A basic architecture for MQTT would look something like Figure 4-3.

Figure 4-3. A high-level MQTT architecture

Figure 4-3 demonstrates a client acting as a publisher sending a message marked for “Topic 1” to the MQTT Broker server. The broker then directs that message to all clients that have subscribed to “Topic 1.”

Figure 4-4 is a more complex architecture example using MQTT. This is based on an architecture for a monitoring system in a chemistry lab. Connected to the lab broker in this system are some MQTT-capable sensors, as well as an analog-to-digital converter that reads the voltage levels sent by connected devices and generates MQTT messages as a publisher with the corresponding data as payloads.

Figure 4-4. Example lab environment use case for MQTT

In Figure 4-3 and Figure 4-4, a modern “MQTT broker” is actually any publish-and-subscribe messaging environment that can utilize the MQTT protocol. There are a number of these on the market, such as HiveMQ, Solace PubSub+, and Inductive Automation’s platform, Ignition. There are also a number of open source projects building MQTT brokers, including the Eclipse Foundation’s Mosquito project, and commercial open source projects like EMQ and VerneMQ.

The major cloud providers today include MQTT brokers in their IoT offerings. Amazon Web Services’ IoT Core service is an MQTT broker that allows devices to publish and subscribe to topics, while also providing connectivity to other AWS services for other forms of communication and processing.
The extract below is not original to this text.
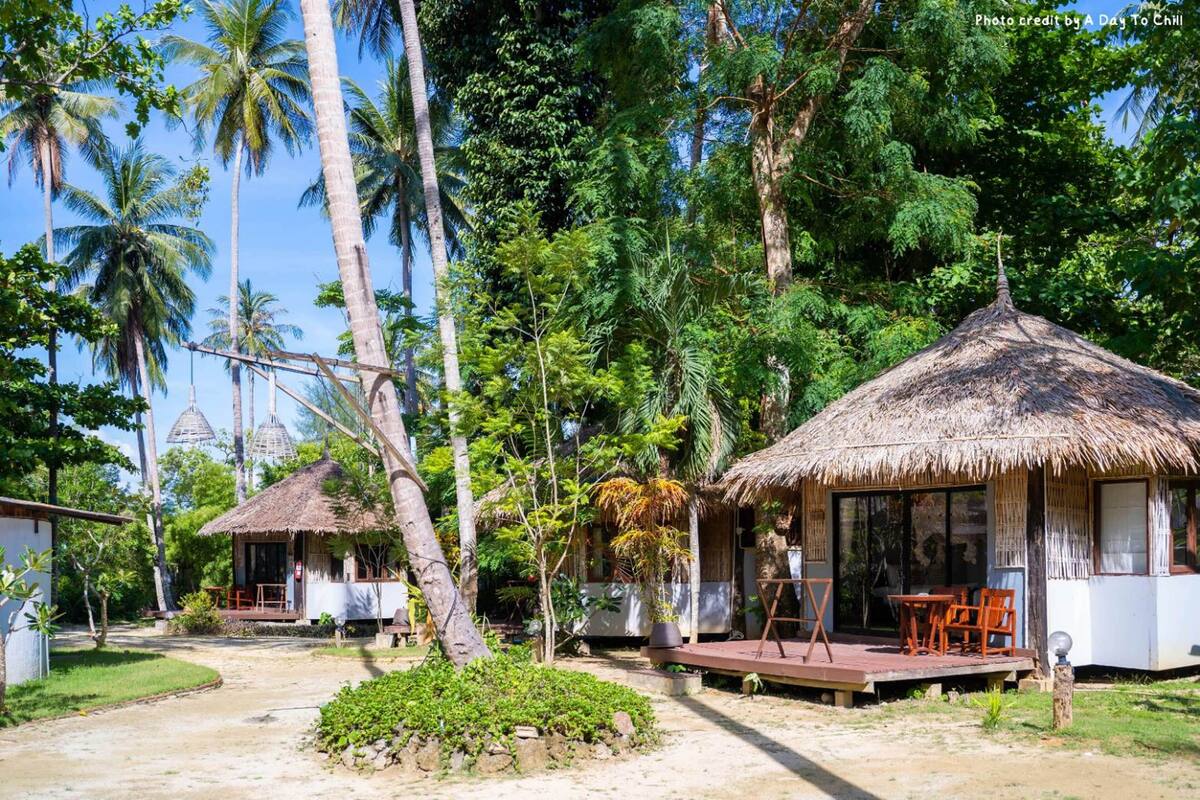 Un resort tropical con cabañas de techo de paja, un sendero pavimentado y abundante vegetación.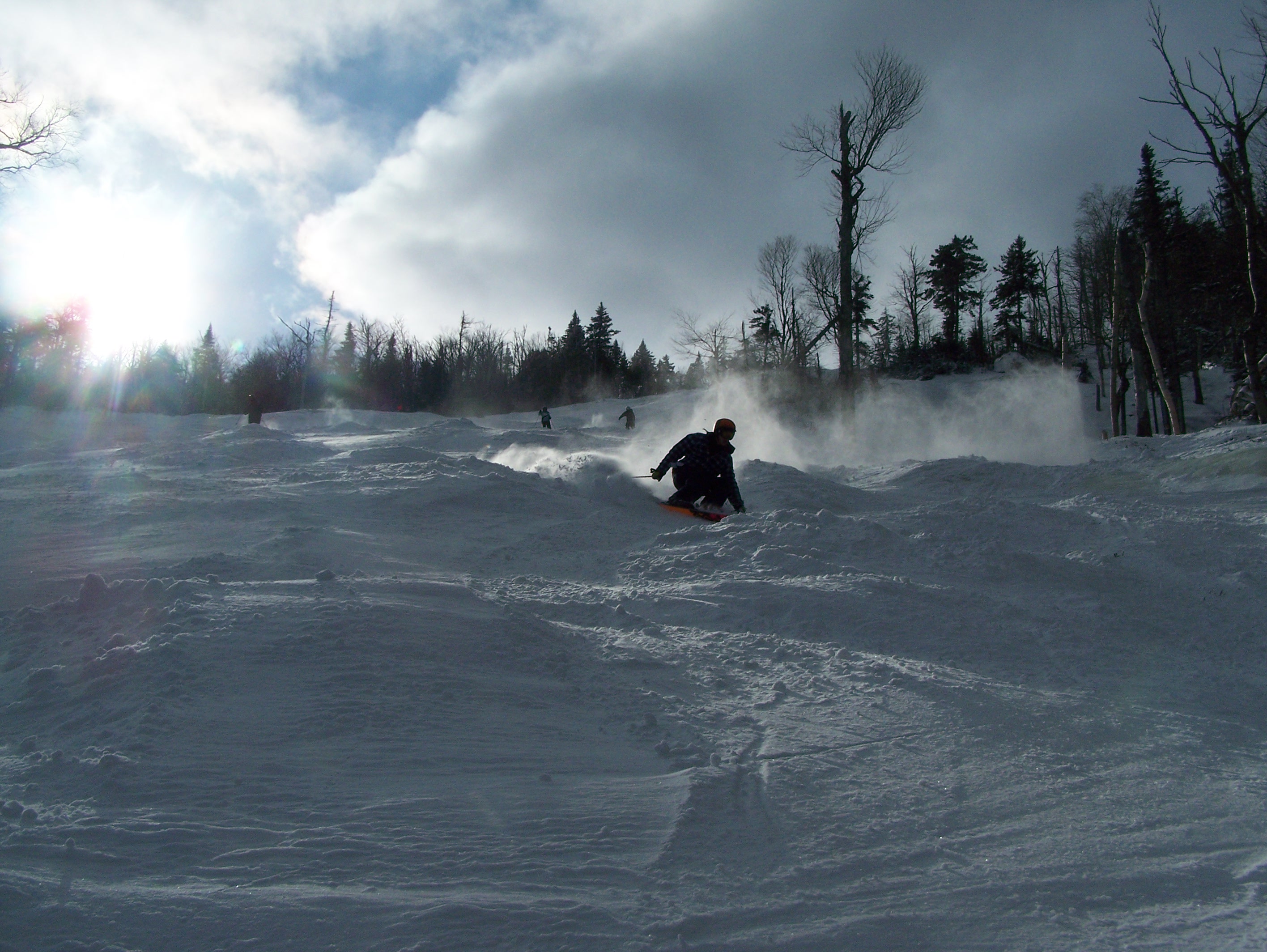 Landing backseat off a mogul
Microsoft Azure IoT and Google Cloud IoT Core have similar support.

There are also a number of general purpose message brokers that can manage MQTT messages with plug-ins or extensions. The Apache Kafka event processor, which we will discuss in “Event Processing”, has a connector that can act as a client for an MQTT broker. This enables Kafka to act as either a producer that provides messages to a broker or a consumer that receives messages from a broker—or both.

A myriad of message queues do something similar—acting as a client rather than a broker. Others, such as RabbitMQ and IBM MQ, have plug-ins that enable them to appear as a broker to MQTT publishers and subscribers. I discuss queues a bit more in “Queue/Log”. However, for device communications over wireless and wired networks, MQTT has built a substantial ecosystem, and is definitely being used to share IoT events across organization boundaries.

HTTP and WebSocket

The last two IoT protocols I will highlight are the Hypertext Transfer Protocol (HTTP) and WebSocket, which actually have a slightly higher adoption rate than MQTT among IoT developers.1 HTTP is inherently a request-and-reply protocol (not a publish-and-subscribe protocol, like MQTT), and thus is not designed to support arbitrary two-way conversations between connected parties. However, it can work as a streaming solution with some of the capabilities in HTTP/2, the version of HTTP most clients (like web browsers) and servers use today.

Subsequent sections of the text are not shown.